Dropmore Park is a private estate located along Dropmore Road, north of Burnham, Buckinghamshire, England, about 220 acre in size. The park with its buildings, including Dropmore House, have Grade I listed building status.

==Location==
Dropmore Park is located in the Thames Valley near to the wood known as Burnham Beeches. It is about 25 mi west of the centre of London and about 3 mi south of junction 2 of the M40 motorway and about 4 mi north of junction 7 of the M4 motorway. The nearest main towns are High Wycombe, Windsor, Maidenhead and Slough. Close neighbouring grand estates and stately homes include Cliveden and Hedsor House. The house and estate are not normally open to members of the public.

==History==
Dropmore House was built in the 1790s for Lord Grenville, who later as Prime Minister pushed through the law abolishing the slave trade. The architect was Samuel Wyatt. Charles Tatham was architect for changes in the 19th century.

Grenville knew the spot from rambles during his time at Eton College, and prized its distant views of his old school and of Windsor Castle. On his first day in occupation, he planted two cedar trees. At least another 2,500 trees were planted. By the time Grenville died in 1834, his pinetum contained the biggest collection of conifer species in Britain. Part of the restoration is to use what survives as the basis for a collection of some 200 species.

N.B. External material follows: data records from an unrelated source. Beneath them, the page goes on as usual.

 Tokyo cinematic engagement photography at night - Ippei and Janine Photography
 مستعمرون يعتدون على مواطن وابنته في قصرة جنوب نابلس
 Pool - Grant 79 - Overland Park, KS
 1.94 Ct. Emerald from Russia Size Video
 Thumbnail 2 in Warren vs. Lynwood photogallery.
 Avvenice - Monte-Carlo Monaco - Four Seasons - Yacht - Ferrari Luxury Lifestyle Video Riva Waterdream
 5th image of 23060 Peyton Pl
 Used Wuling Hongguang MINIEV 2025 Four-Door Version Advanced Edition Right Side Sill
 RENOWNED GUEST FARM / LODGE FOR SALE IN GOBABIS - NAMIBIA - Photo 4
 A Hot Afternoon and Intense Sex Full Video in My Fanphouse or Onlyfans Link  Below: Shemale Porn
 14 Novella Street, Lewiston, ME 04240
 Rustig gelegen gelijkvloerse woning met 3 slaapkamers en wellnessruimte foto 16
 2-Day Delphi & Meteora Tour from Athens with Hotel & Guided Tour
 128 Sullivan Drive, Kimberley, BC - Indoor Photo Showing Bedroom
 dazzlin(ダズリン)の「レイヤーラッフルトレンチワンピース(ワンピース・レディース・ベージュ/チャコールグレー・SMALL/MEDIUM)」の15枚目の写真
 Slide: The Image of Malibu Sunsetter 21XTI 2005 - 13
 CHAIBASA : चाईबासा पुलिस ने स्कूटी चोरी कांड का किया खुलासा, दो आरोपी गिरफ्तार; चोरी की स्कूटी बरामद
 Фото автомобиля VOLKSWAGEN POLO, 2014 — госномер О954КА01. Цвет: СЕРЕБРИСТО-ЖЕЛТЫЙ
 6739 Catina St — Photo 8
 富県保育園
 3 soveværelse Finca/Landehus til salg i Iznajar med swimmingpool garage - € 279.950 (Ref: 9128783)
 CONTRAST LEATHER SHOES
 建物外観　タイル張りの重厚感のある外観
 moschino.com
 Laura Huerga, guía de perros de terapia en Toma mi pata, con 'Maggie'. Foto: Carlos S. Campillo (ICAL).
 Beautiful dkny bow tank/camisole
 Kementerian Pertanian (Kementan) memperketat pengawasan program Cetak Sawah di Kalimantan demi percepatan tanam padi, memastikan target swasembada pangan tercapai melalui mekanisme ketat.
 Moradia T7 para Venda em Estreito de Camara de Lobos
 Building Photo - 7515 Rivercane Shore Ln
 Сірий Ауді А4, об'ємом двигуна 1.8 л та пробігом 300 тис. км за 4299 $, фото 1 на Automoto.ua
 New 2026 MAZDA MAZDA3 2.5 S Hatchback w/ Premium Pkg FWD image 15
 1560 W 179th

In 1945, after wartime use during which it was harshly treated, the house was restored by Viscount Kemsley, the proprietor of The Sunday Times. He filled it with paintings, furniture and books. After his death in 1968 it was sold to United States International University and then to the Ambassador of the United Arab Emirates, Muhammed Mahdi al-Tajir.

An indoor pool was added, but the house was rarely used. In 1990 it was badly damaged by a fire that took four days to put out. Another in 1997 left the house uninhabitable.

Dropmore was restored by the company Corporate Estates via the construction firm MP Brothers Limited into a number of private luxury dwellings around 2006–2008. The restoration included the house, Edwardian stables and a number of garden buildings including a Chinese tea house and aviary. Further plans over a 15-year period include restoration of the formal flower beds, Italian garden, woodlands, lawns, vistas, roads, bridges and gates. The developer has since gone into liquidation before the redevelopment was completed. Dropmore was then purchased in 2012 by Richard and Ian Livingstone.

The exterior of the house and the grounds were used extensively for the location filming of the Doctor Who serial Day of the Daleks (1972).